Physicians have proposed a proven method for resolving payment disputes that keeps patients from being caught in the middle, but the insurance industry and others have been making statements and posting political ads stating otherwise.

The U.S. House of Representatives Energy and Commerce Committee last week adopted an independent-dispute resolution (IDR) process as part of legislation known as the “No Surprises Act.” The bill copies the appeals process adopted by New York in 2014 that has successfully been used to protect consumers from out-of-network charges.

The IDR process would serve as a backstop if the federal legislation’s underlying methodology failed to arrive at a solution deemed fair by both parties. So physicians were discouraged to hear America’s Health Insurance Plans (AHIP), an insurance lobbying group, declare that an IDR process would allow providers to “price gouge patients.”

This is a complete mischaracterization of the committee’s action because the legislation says patients who receive an unanticipated out-of-network bill would not be obligated to pay anything above typical in-network charges.

Like New York’s statute, the bill before the House would allow an independent third party to determine whether the plan payment amount or the provider bill represents the most appropriate resolution to the claim.

A New York-style IDR was included in a set of principles on surprise billing that the AMA outlined as keys to solving the issue when Congress began to examine the issue in earnest this spring.

Dr.
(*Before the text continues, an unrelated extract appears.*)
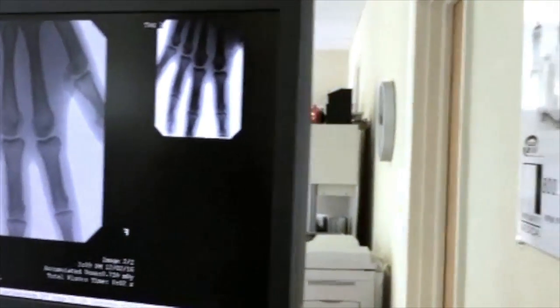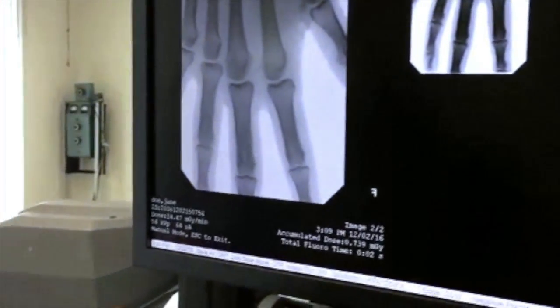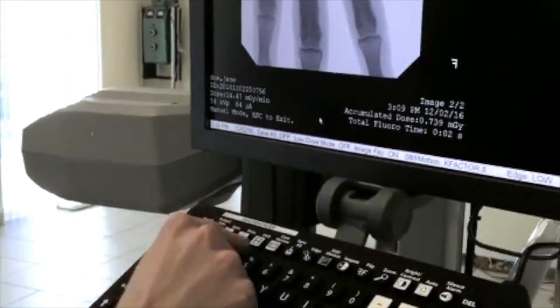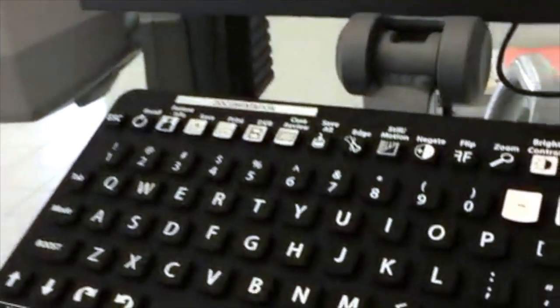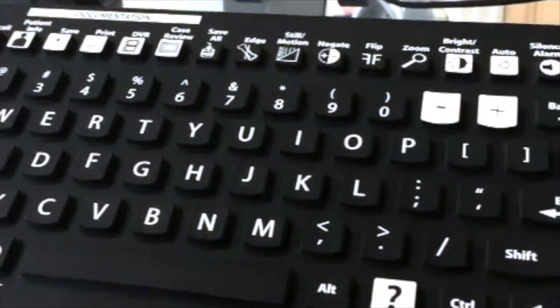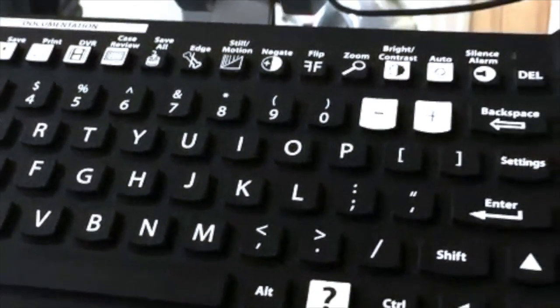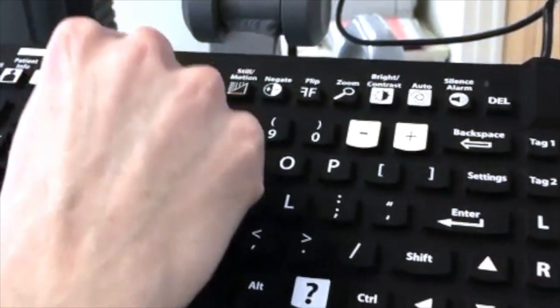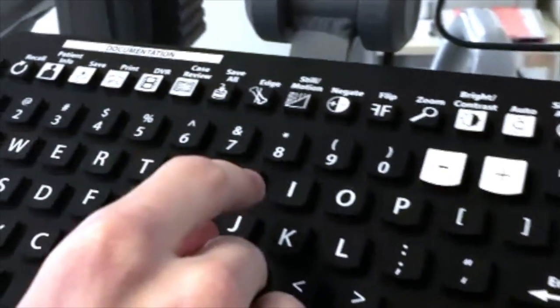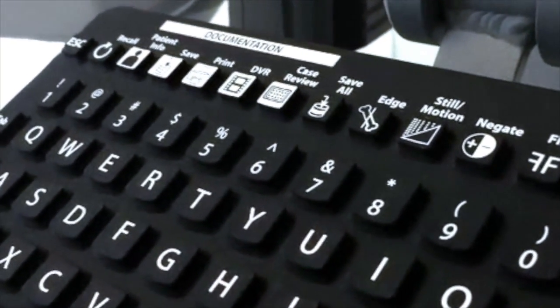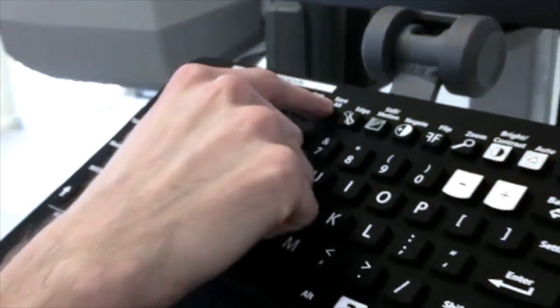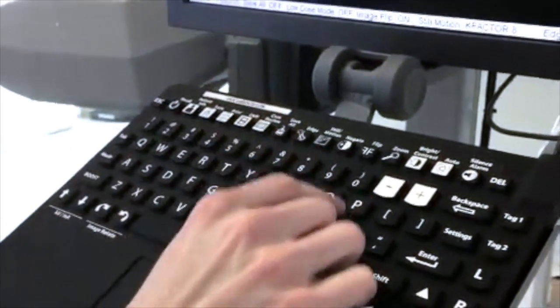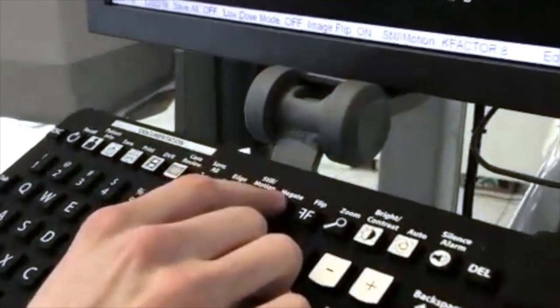After you create an image, you can hit save. It'll save it into the system. If you made multiple images but haven't clicked the save button, you can press save all and it will automatically save all the images. You can use this button to negate the image.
Madara’s letter took issue with how the Blue Cross Blue Shield Association criticized the proposed IDR process as “cumbersome.”

“To the contrary, the New York process” involves filling out a two-page online form. “This contrasts with the often-voluminous filing requirement necessary for providers to obtain prior authorization from many health plans just to provide covered benefits to their patients needing health care services and prescriptions.”

There is consensus in the medical community that an IDR process should be included in a legislative solution to surprise billing. A call to do so was included in a July 16 letter to Energy and Commerce Committee leaders that was signed by the AMA and 100 other medical organizations.

“Such a process should be set up to incentivize health plans to make a fair initial offer of payment for out-of-network care rendered to their customers and discourage physician bills that are outside of generally acceptable ranges,” that letter states. “It also should encourage, rather than discourage, both parties to contract for in-network care.”